In the past, there were industrial magnates like Rockefeller and Carnegie, who amassed great wealth while the people struggled. Today, it is corporations and their masters, together with the heirs of earlier fortunes, who have wealth and power.
A corporation has no morals. A corporation has no empathy for people who are affected by its actions. A corporation’s only goal is to enrich its bosses and shareholders. Corruption and pollution are simply ways to reduce cost; economists call this an externality.
If a person behaved like a corporation, we would call them dangerously insane.
Let’s talk about financialization. Along with corporatization, we have seen increasing control of the economy being concentrated in the financial industry (aka Wall St).
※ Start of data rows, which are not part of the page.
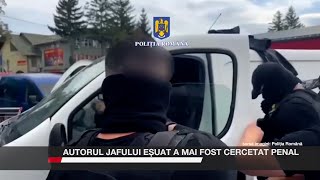 Autorul jafului eșuat a mai fost cercetat penal [upl. by Winshell222]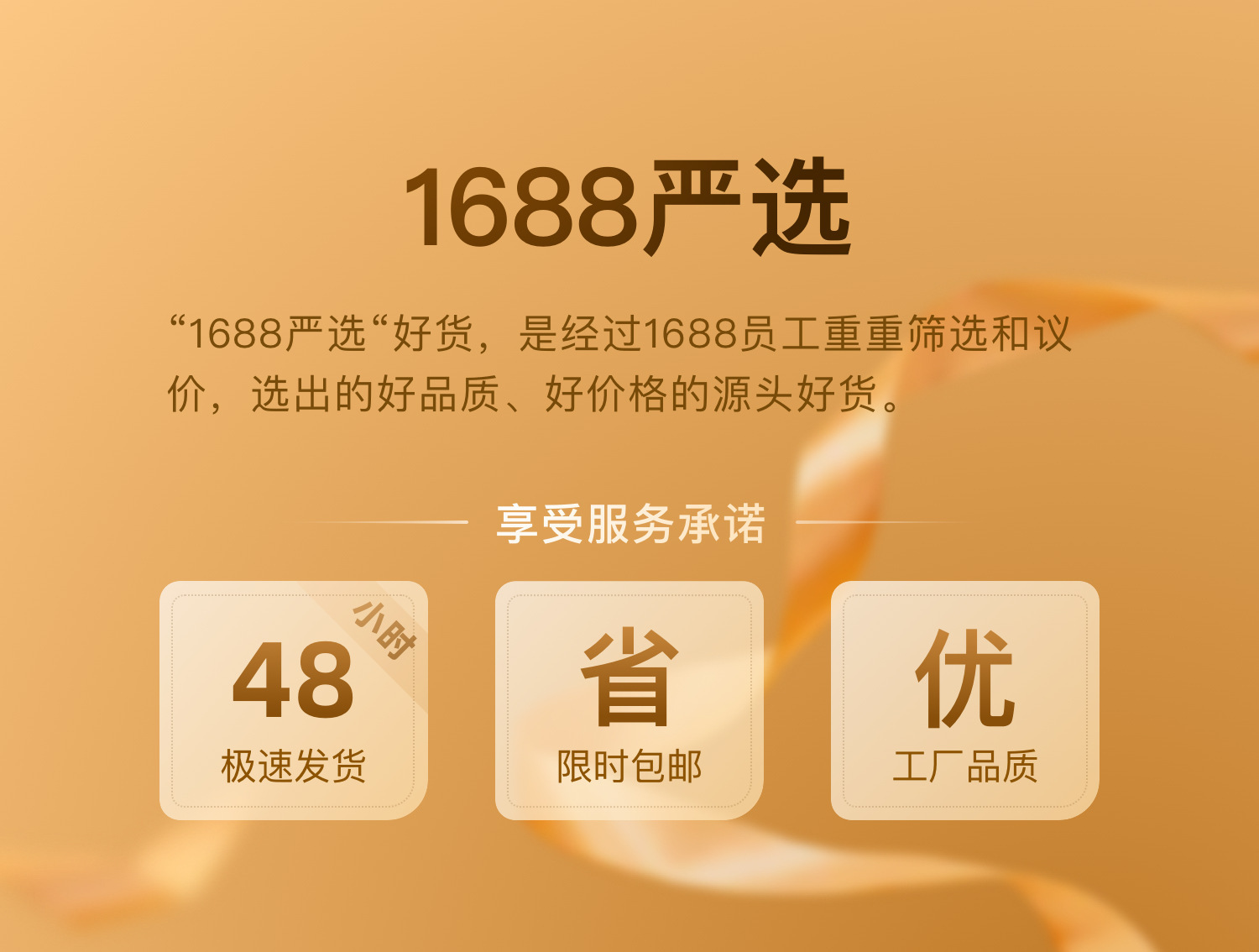 O1CN013jvf0b1hs6UybGBf8_!!9922
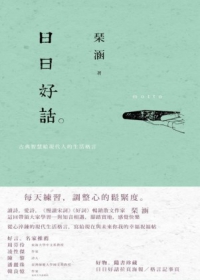 日日好話 : 古典智慧給現代人的生活格言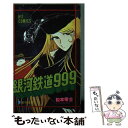 【中古】 銀河鉄道999 3 / 松本 零士 / 少年画報社 新書 【メール便送料無料】【あす楽対応】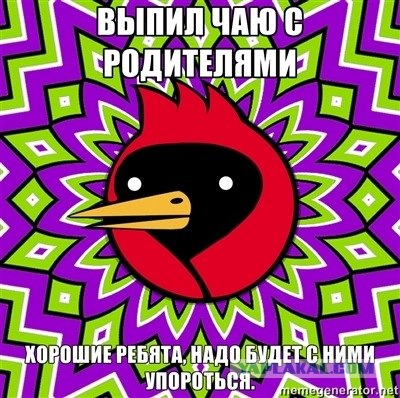 А ты упоротый?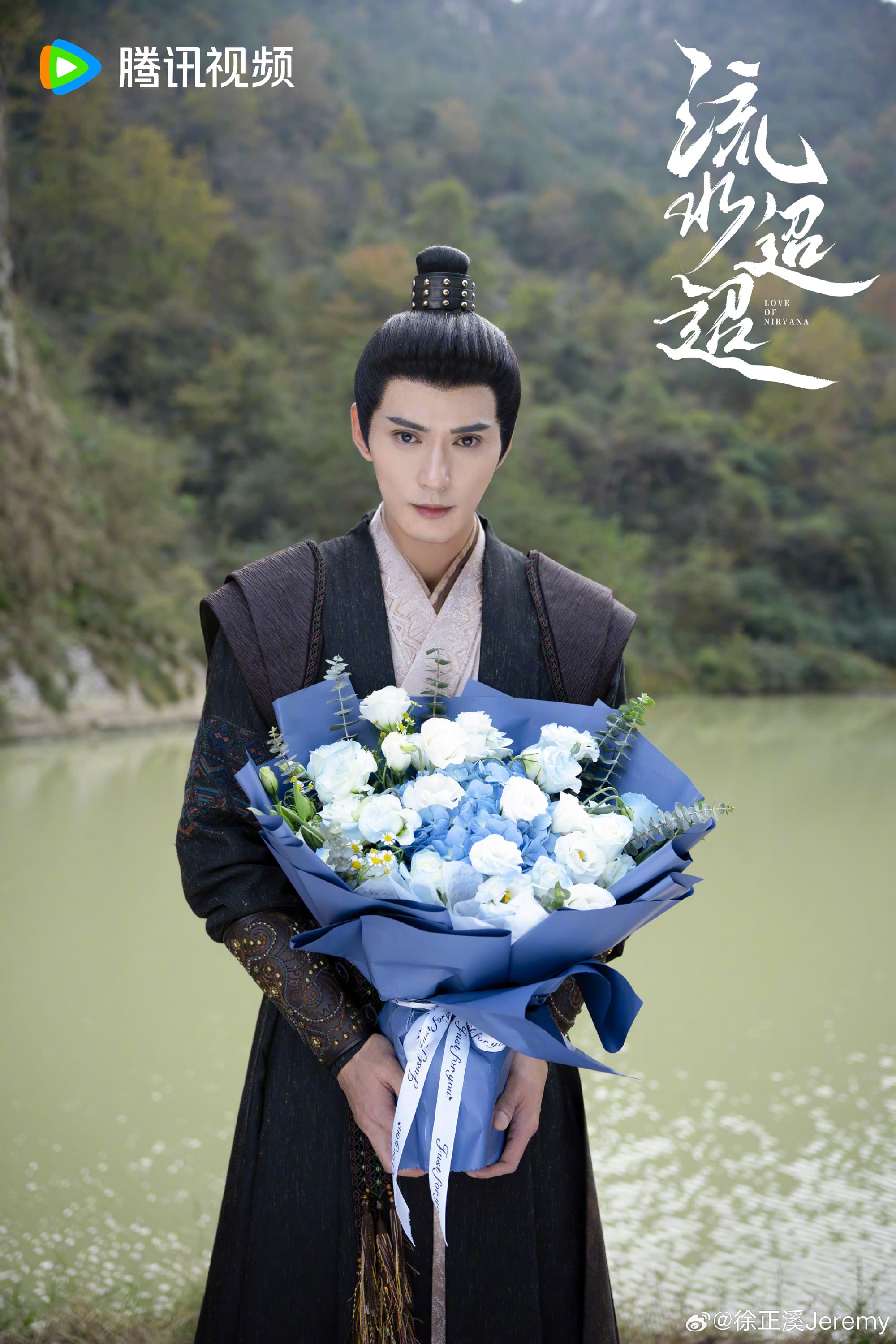 徐正溪還有拍完未上的戲劇作品如《流水迢迢》。(翻攝徐正溪微博)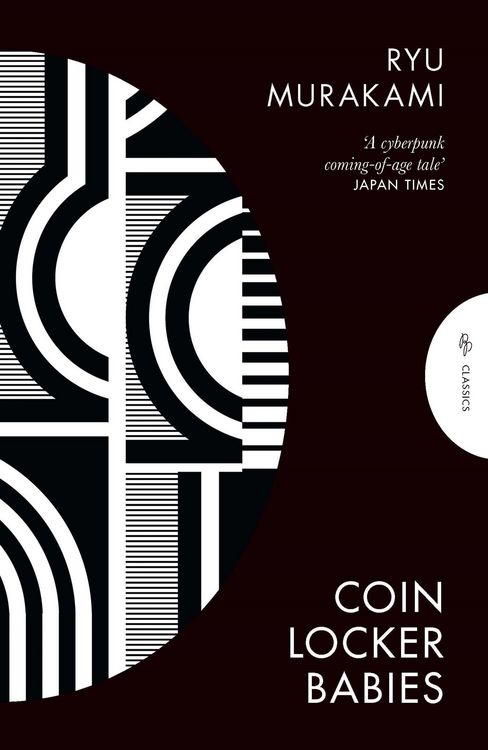 Produktbild: Coin Locker Babies
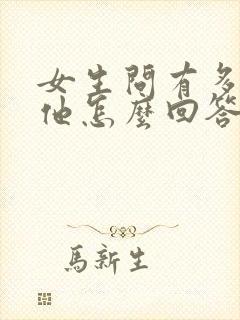 女生问有多喜欢他怎么回答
Corporations’ share prices become subject to the opinions of financial analysts, who favor short term returns over long term sustainability. Corporations behave accordingly.
Every tangible asset has been mortgaged so that Wall St can take a percentage off the top of every piece of economic activity. Homes, commercial buildings, factories, tractors.
Now Wall St is allowed to trade in tangible goods on their own behalf, not just for their clients. They trade in metals, oil, rice, wheat, you name it. Market manipulation has become the rule rather than the exception. As an example, there is a law limiting the length of time that aluminum may be held in a warehouse, to prevent withholding supply to drive up the price. Wall St buys multiple warehouses and moves the aluminum between them, to defeat the law.
Wall St has become a place of illegal collusion in rigging markets. When a few institutions can manipulate market prices, and do so through collusion, it is no longer a free market, and such behavior is illegal. There is no market that I know of that is not manipulated in this way. Libor, forex, rate swaps, tangibles, it goes on.
The housing bubble and the resulting mortgage crisis was the tipping point where the fraud became part of the real world that the rest of us live in, and it exposed the fragility of the fraud-based financial system.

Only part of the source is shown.